Hi, it depends what your definition of success is. Also, remember a lot of people go abroad, not from the UK but from other countries, to work as maids, or construction workers, etc. They send the money they earn home, but it’s a tough living. Not really sunshine and beaches like a lot of people would think. I have a disability, and have lived abroad for most of my life. But then again, to me, the UK is just as foreign. And I also have to deal with the very close minded attitudes of people with disabilities here. Not all, but many. In life, you do have a choice you make of it what she will. Yes, things are difficult when you do have a disability, but attitude makes such a difference. I was living in Asia for a very long time, which is a completely different way of life, attitude toward many things, I had to be creative a lot of the time because you didn’t have things like benefits, or couldn’t just go to a charity to get any technology, not that I had access to any of that at the time. He couldn’t get government grants if he wanted to do a program, or funding for school. I don’t know, I still have a hard time with peoples way of thinking here. I accept it for what it is, but I just I’m at the point where I do my own thing and I’m happy that way.

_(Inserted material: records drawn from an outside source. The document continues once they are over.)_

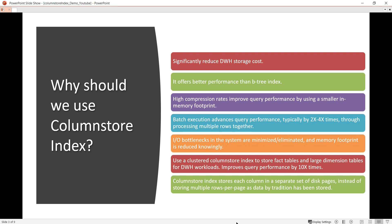It offers better performance than B-tree indexes. High compression rates improve query performance by using a smaller in-memory footprint, so less memory is required and performance is undoubtedly better. Batch execution advances query performance typically by 2 to 4 times through processing multiple rows together, making it 2 to 4 times faster compared to regular indexes.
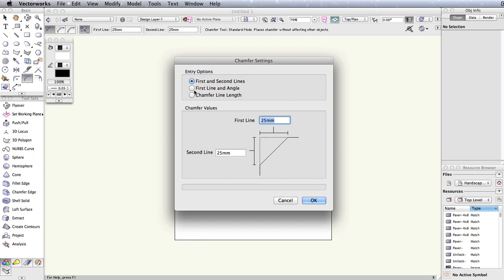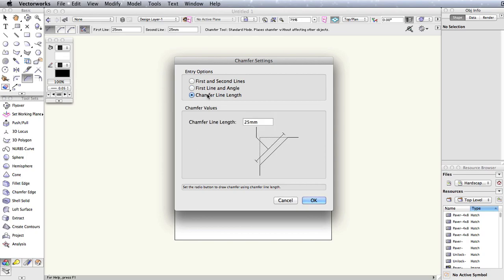First line and angle, which will use a length and angle value to create a chamfer. And finally, the chamfer line length entry option, which lets you input your desired chamfer length and has Vectorworks calculate its position based on the adjacent lines you select.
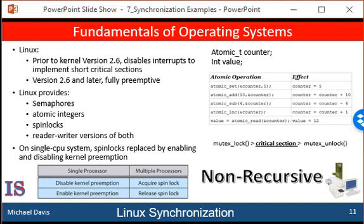Linux uses an interesting approach to disable and enable kernel preemption. It provides two simple system calls, preempt_disable and preempt_enable, for disabling and enabling kernel preemption. The kernel is not preemptable, however, if a task running in the kernel is holding a lock. To enforce this rule, each task in the system has a thread infrastructure containing a counter, preempt_count, to indicate the number of locks being held by the task. When a lock is acquired, preempt_count is incremented. It is decremented when a lock is released. If the value of preempt_count for the task currently running in the kernel is greater than zero, it is not safe to preempt the kernel, as this task currently holds a lock.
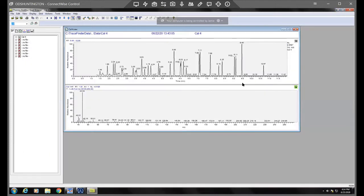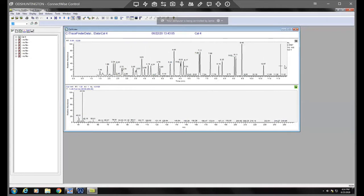So the way this works, here's your chromatogram, your TIC, and this will be your spectra down here.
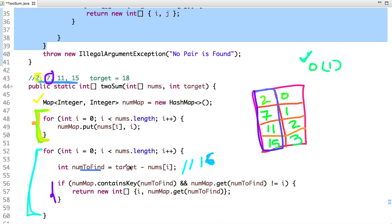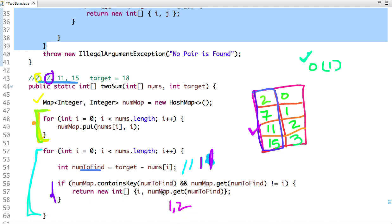Now 18 minus 7 equals 11. We check if the map contains key 11 — yes, it contains 11 at index 2. We also check that the index of 11 is not equal to i: i is 1 and 11 is at index 2, so they are not equal. We return indices 1 and 2.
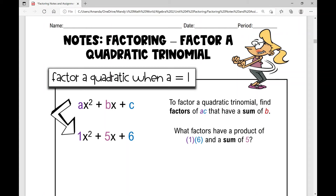In today's lesson, we're going to be reviewing factoring polynomials and we're going to factor a quadratic trinomial. We're going to be factoring these trinomials when a is 1 and when a is not 1. Remember that a quadratic trinomial written in standard form is ax squared plus bx plus c. When we factor these quadratic trinomials when a is 1, we're looking for the binomials that when multiplied together give a product of this quadratic trinomial.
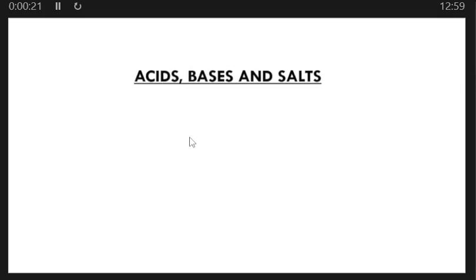Hello guys, welcome to my YouTube channel. If you are new to this channel, you are most welcome. On this channel, I teach mathematics, biology, science, and also revise past examination papers. So today's lesson is on acids, bases, and salts.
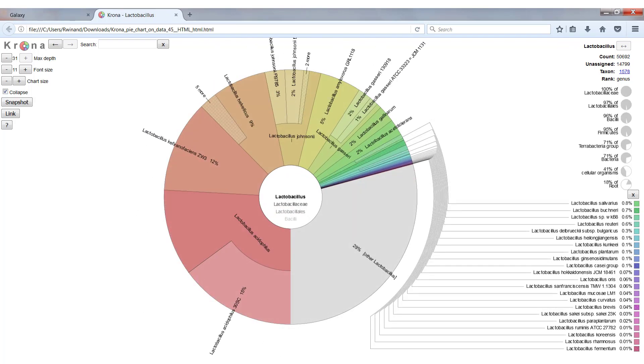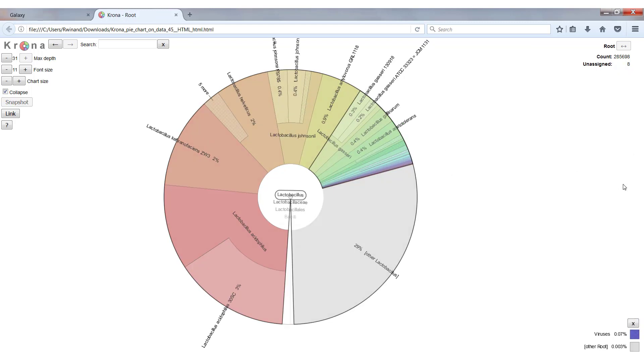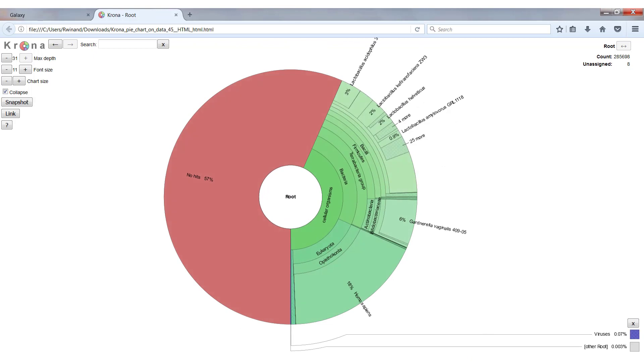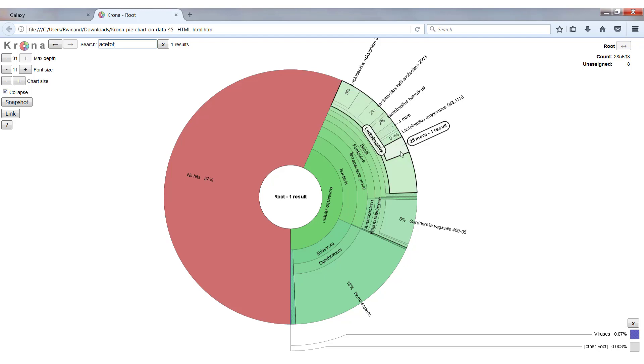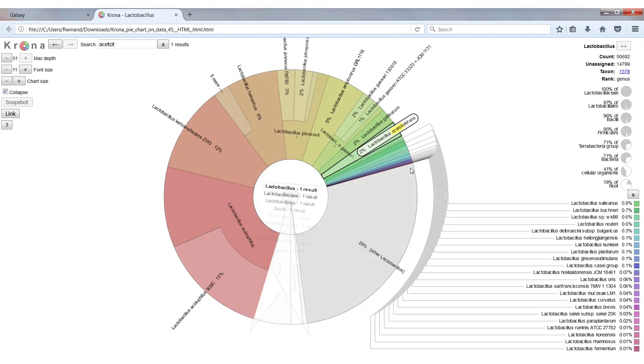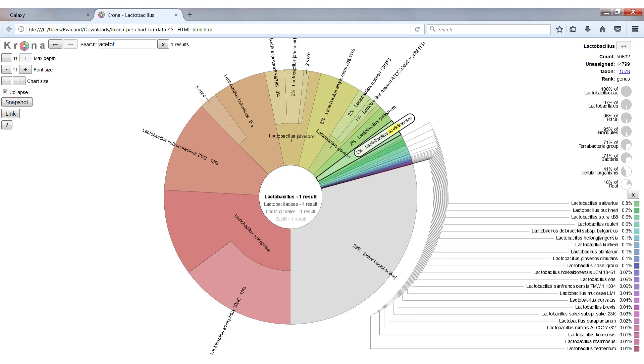You can also zoom out further by clicking on one of the pie charts here on the right. So if you want to go back to the root, we just click on the pie chart of the root, and we will be back where we started. If you know the name of the organism you're interested in, you can also search for it by name. So if for instance we want to look at lactobacillus acetotolerans, we just start typing acetoto, and you will see that there's one result in here. So we click to expand, and we will find lactobacillus acetotolerans over there.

also, I had to work very, very hard over the years. Much harder than anyone even realizes, and I was working with people with disabilities in a very very rural area of Vietnam. Again, not at the beach by the pool every day. People think the grass is greener, but remember the grass is greener over the sewage tank.
One more point, for me anyway, I don’t have a support system like I do in other places when I’m in the UK. But getting a visa or a green card or anything takes time, hard work, and loads of heartache. I now have my EU passport, thankfully, so can stay where my friends are. But it took five years to get it on my mother is a French national.